## Exercise instructions
The reply should consist solely of the lines from the one that holds "Nike FC Barcelona" through the last line of the material, reproduced exactly; no pictures belong in it.

## Data extract
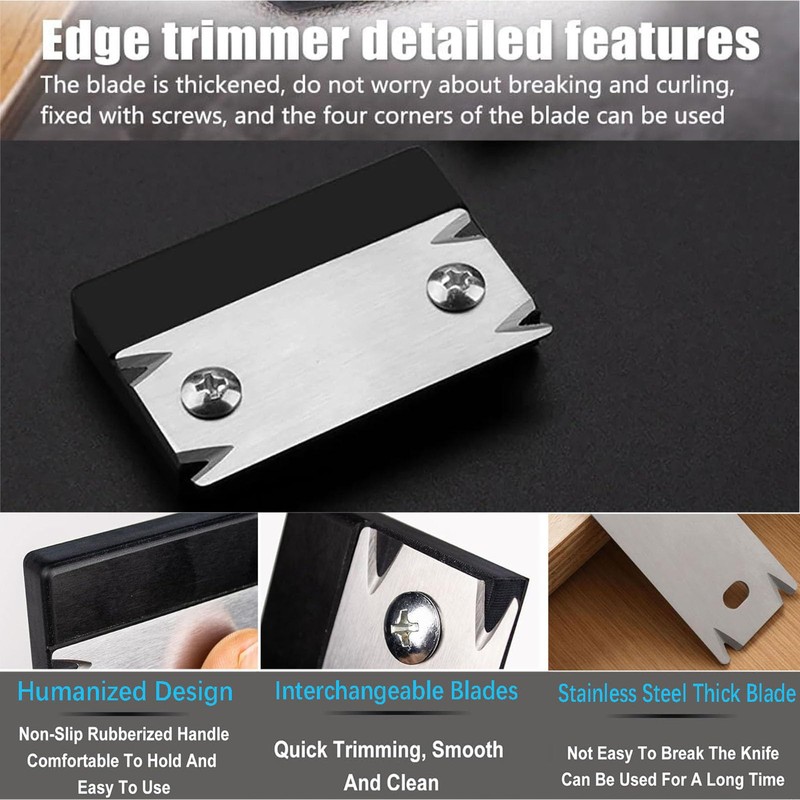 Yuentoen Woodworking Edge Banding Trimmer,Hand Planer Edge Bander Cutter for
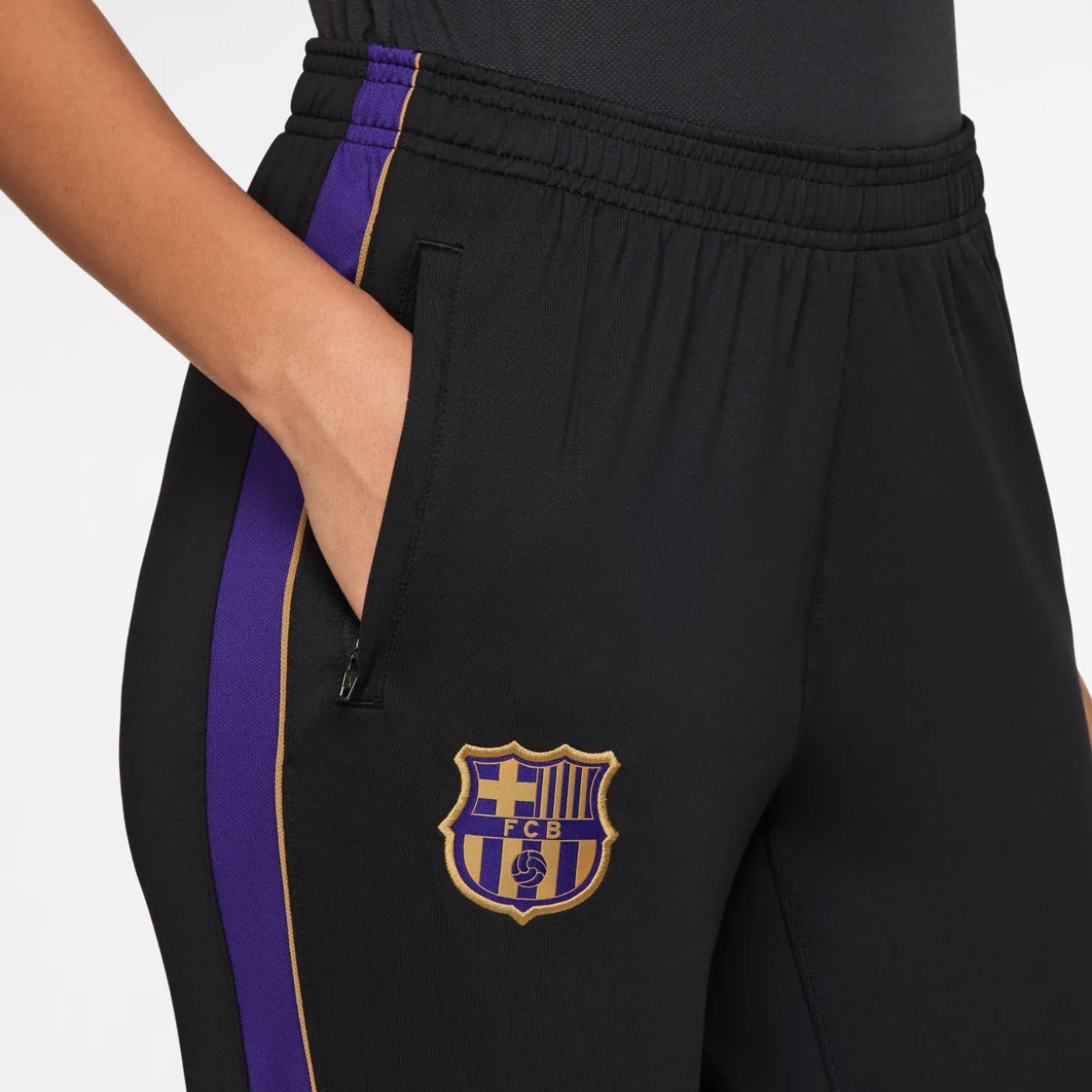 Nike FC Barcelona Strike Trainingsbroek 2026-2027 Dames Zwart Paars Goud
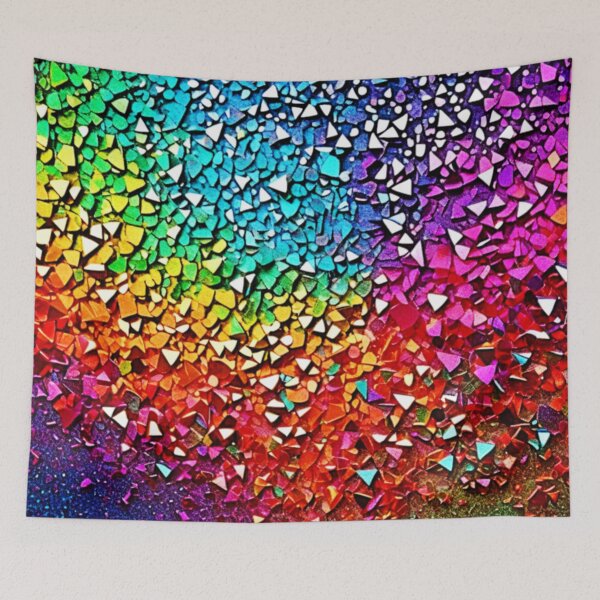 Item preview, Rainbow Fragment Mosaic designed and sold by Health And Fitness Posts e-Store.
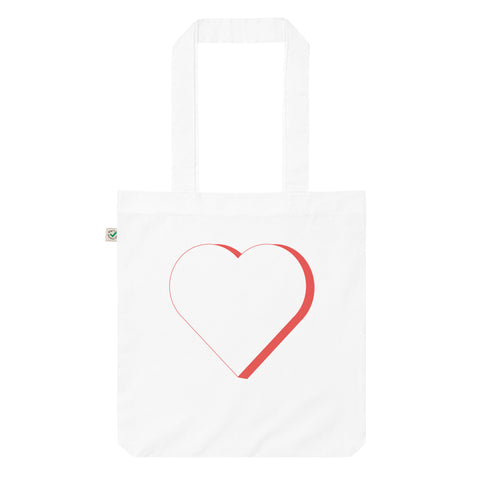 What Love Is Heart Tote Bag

## Solution to this exercise
 Nike FC Barcelona Strike Trainingsbroek 2026-2027 Dames Zwart Paars Goud
 Item preview, Rainbow Fragment Mosaic designed and sold by Health And Fitness Posts e-Store.
 What Love Is Heart Tote Bag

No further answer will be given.